# DT Swiss SuperComp versus Revolution spokes?



## Bob Ross (Apr 18, 2006)

Can anyone summarize the difference between DT SuperComp & Revolution spokes? (DT's website has a broken link so I can't access their specs.)


----------



## Mike T. (Feb 3, 2004)

Supercomp - 2.0/1.7/1.8mm - 5 grams.
Revolution - 2.0/1.5/2.0mm - 4 grams.
(Rev also available in 1.8/1.5/1.8mm)

My weights. I have a sample of each on my desk.


----------



## Bob Ross (Apr 18, 2006)

Mike T. said:


> Supercomp - 2.0/1.7/1.8mm - 5 grams.
> Revolution - 2.0/1.5/2.0mm - 4 grams.


Thanks. Would it then be presumptuous of me to conclude that the heavier, stouter SuperComp spoke yeilds a sturdier wheel?

...or just a heavier one?


----------



## Mike T. (Feb 3, 2004)

Bob Ross said:


> Thanks. Would it then be presumptuous of me to conclude that the heavier, stouter SuperComp spoke yeilds a sturdier wheel?...or just a heavier one?

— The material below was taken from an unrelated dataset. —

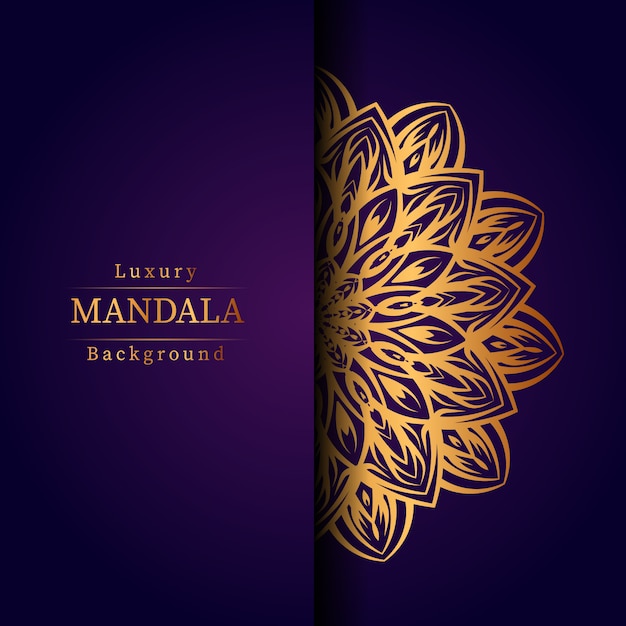 Fondo de diseño de mandala ornamental de lujo en color dorado, fondo de mandala de lujo para invitación de boda, portada de libro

That conclusion, without the proof of exhaustive scientific testing, would not be one that I would like to make! Opinions are like..............well, you know. :blush2:


----------



## rruff (Feb 28, 2006)

Bob Ross said:


> Thanks. Would it then be presumptuous of me to conclude that the heavier, stouter SuperComp spoke yeilds a sturdier wheel?
> 
> ...or just a heavier one?


It will be stiffer... but hard to tell if it would last longer.


----------



## mcteague (Feb 7, 2005)

Joe Young is a big proponent of SuperComp spokes and his reputation is formidable.
http://www.youngwheels.com/

Tim McTeague


----------



## bigbill (Feb 15, 2005)

mcteague said:


> Joe Young is a big proponent of SuperComp spokes and his reputation is formidable.
> http://www.youngwheels.com/
> 
> Tim McTeague


My commuter wheels where built by Joe Young with PW hubs, Velocity Deep V rims, and supercomps X36. They are thin at the nipple but even as a big guy who puts out a lot of wattage, I have never broken a spoke at the nipple that didn't involve some kind of impact. Every spoke that I have ever broken otherwise was at the hub. Many thousands of miles later, they are true and completely maintenance free. Joe's reasoning is sound, the spoke is strong where it normally sees the most stress and light at the end that is spinning the fastest with less stress. 

I know, my wheels are overkill for commuting, but my commuter sees the most miles so that's where I sink the money.


----------



## Bob Ross (Apr 18, 2006)

mcteague said:


> Joe Young is a big proponent of SuperComp spokes and his reputation is formidable.


That's actually why I asked: I called up Joe last week to order a new set of wheels, & based on my description of what I was looking for in terms of performance & durability Joe recommended SuperComp spokes. I'd never even heard of them before; all the custom DT wheelsets I'd seen were built with Revolution or AeroLite spokes.

I'm psyched (and not the least because Joe said he's not too busy so I should have these in 2 or 3 weeks). DT Swiss 240s hubs, DT Swiss RR1.1 rims, & SuperComp spokes (28 front & back...I forgot to ask how they'll be laced).


----------